Items listed in a dataset
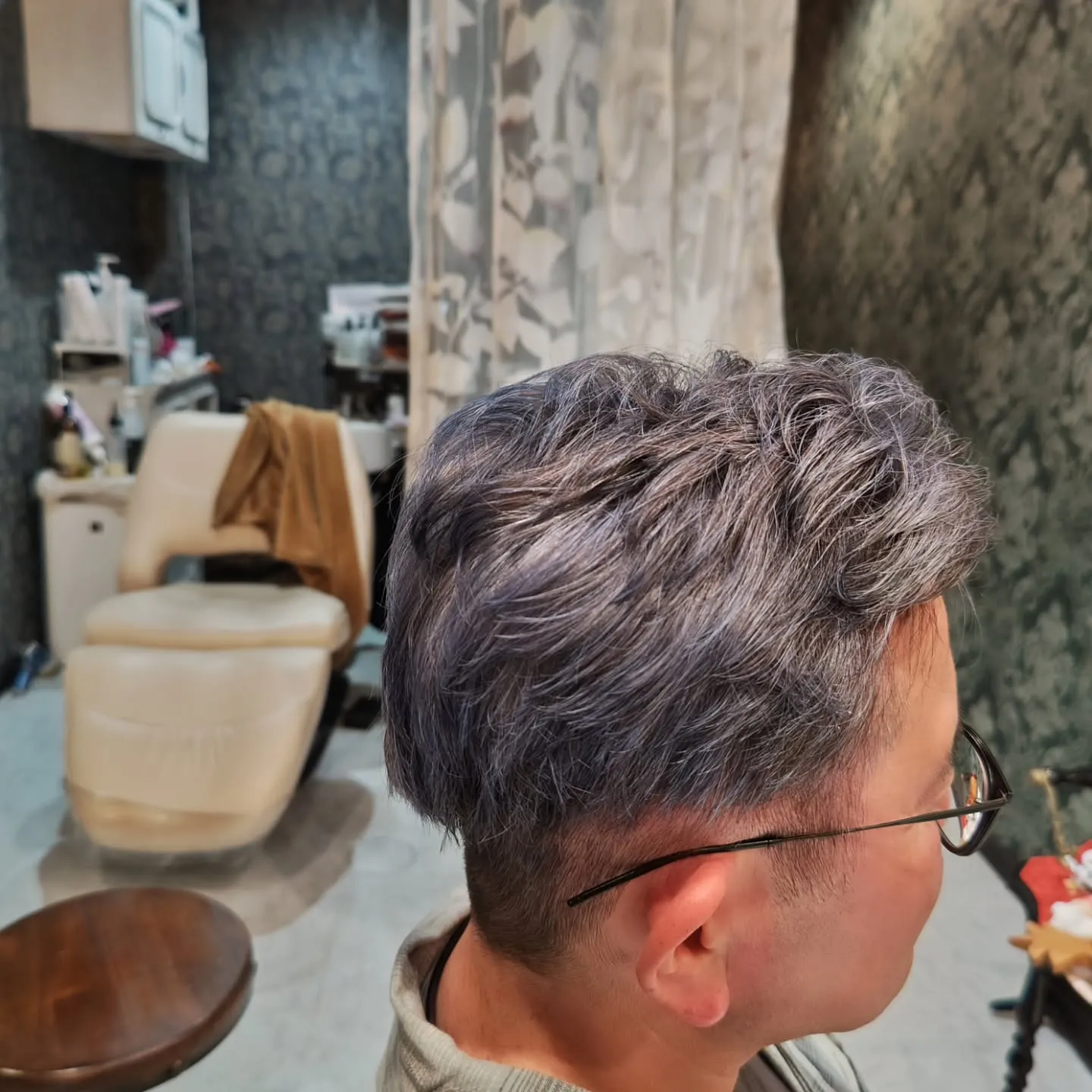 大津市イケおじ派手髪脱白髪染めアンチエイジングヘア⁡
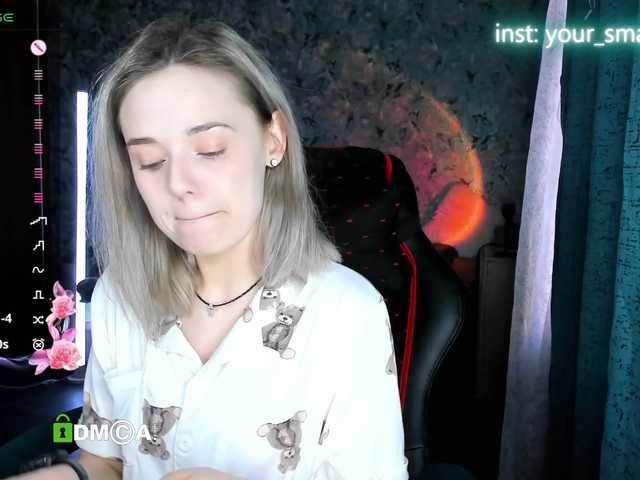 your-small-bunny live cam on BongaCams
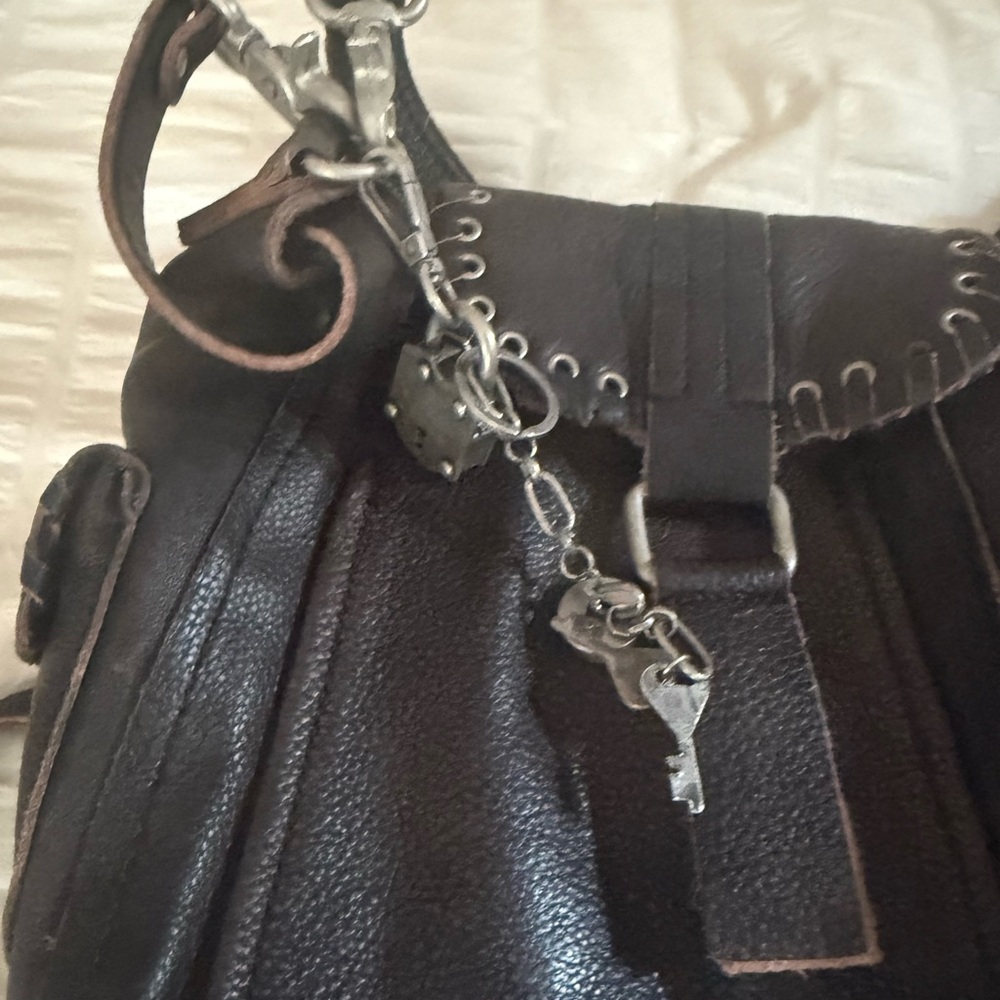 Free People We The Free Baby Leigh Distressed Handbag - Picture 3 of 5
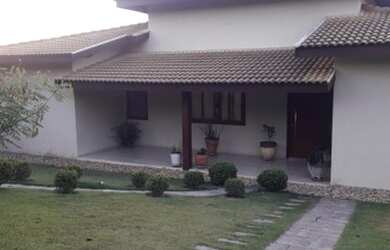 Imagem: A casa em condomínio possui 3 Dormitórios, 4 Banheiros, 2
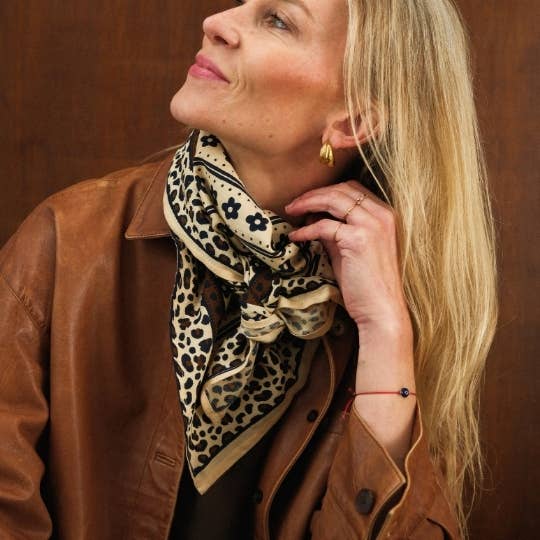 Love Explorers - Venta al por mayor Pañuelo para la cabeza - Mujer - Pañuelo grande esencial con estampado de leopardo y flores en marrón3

Exercise prompt: The preceding entries should be duplicated word for word; no picture belongs in the copy.

Written response:
 大津市イケおじ派手髪脱白髪染めアンチエイジングヘア⁡
 your-small-bunny live cam on BongaCams
 Free People We The Free Baby Leigh Distressed Handbag - Picture 3 of 5
 Imagem: A casa em condomínio possui 3 Dormitórios, 4 Banheiros, 2
 Love Explorers - Venta al por mayor Pañuelo para la cabeza - Mujer - Pañuelo grande esencial con estampado de leopardo y flores en marrón3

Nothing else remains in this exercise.